We can also get a nested hash of city data grouped by country, state, and city:

my %countryStateCity = city-data():nested;
%countryStateCity.elems
# 9

We can then use the deduce-type function (from "Data::TypeSystem") to get the type of the nested hash:

say deduce-type(%countryStateCity<Bulgaria>);
# Assoc(Atom((Str)), (Any), 28)

We can get the first defined record for the city of Stara Zagora in Bulgaria:

say %countryStateCity{'Bulgaria';*;'Stara Zagora'}.grep(*.defined).head;
# {City => Stara Zagora, Country => Bulgaria, Elevation => 2.2, Latitude => 42.42, Longitude => 25.63, Population => 140710, State => Stara Zagora}

We can also get the latitude and longitude of Stara Zagora:

say %countryStateCity{'Bulgaria';*;'Stara Zagora';'Latitude'}.grep(*.defined).head;
say %countryStateCity{'Bulgaria';*;'Stara Zagora';'Longitude'}.grep(*.defined).head;
# 42.42
# 25.63

NER and data retrieval

In this section we show how to use Named Entity Recognition (NER) of Geo-locations provided by "DSL::Entity::Geographics", [AAp1], together with the Geo-data provided by this package, ("Data::Geographics").

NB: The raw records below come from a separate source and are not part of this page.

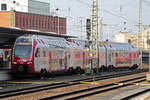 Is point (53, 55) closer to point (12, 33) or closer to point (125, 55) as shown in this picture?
point (12, 33)

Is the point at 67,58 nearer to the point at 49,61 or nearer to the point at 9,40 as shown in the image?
the point at 49,61

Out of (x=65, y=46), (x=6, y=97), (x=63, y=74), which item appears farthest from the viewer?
(x=63, y=74)

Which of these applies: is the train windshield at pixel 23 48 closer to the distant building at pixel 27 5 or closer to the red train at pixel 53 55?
the red train at pixel 53 55

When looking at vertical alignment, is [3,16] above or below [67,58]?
above

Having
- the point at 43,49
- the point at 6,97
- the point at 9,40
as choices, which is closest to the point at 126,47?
the point at 9,40

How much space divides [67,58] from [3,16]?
74994mm

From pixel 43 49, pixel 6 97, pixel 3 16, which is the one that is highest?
pixel 3 16

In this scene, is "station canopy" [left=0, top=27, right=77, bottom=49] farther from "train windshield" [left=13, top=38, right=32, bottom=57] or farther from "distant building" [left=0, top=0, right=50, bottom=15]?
"distant building" [left=0, top=0, right=50, bottom=15]

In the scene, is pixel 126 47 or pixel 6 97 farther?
pixel 126 47

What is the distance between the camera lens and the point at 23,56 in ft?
81.9

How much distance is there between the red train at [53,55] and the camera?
24922 mm

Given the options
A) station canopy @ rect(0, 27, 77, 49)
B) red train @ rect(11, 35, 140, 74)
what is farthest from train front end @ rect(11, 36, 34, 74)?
station canopy @ rect(0, 27, 77, 49)

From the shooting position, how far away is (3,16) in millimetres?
101250

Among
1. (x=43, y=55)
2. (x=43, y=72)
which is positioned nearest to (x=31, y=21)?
(x=43, y=72)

In this code, $geoID is obtained by calling the ToGeographicEntityCode function with a string $s and the target "Raku-System".

use DSL::Entity::Geographics;

my $s = 'Fort Lauderdale, FL';
my $geoID = ToGeographicEntityCode($s, 'Raku-System');
# United_States.Florida.Fort_Lauderdale

The interpret-geographics-id function is then used to interpret $geoID into its constituent parts, which are stored in %geoIDParts.

my %geoIDParts = interpret-geographics-id($geoID):p;
# {City => Fort Lauderdale, Country => United States, State => Florida}

Depending on whether the Type of %geoIDParts is "CITYNAME" or not, the code then fetches the corresponding geographic data from %countryStateCity and stores it in $res.

my $res = do if %geoIDParts<Type> // 'NONE' eq 'CITYNAME' {
    %countryStateCity{'United States';*;%geoIDParts<Name>}.grep(*.defined);
} else {
    %countryStateCity{'United States';%geoIDParts<State>;%geoIDParts<City>};
}

say $res;
# ({City => Fort Lauderdale, Country => United States, Elevation => 1, Latitude => 26.141305, Longitude => -80.143896, Population => 182760, State => Florida})

References

[AAp1] Anton Antonov, DSL::Entity::Geographics Raku package, (2023-2024), GitHub/antononcube.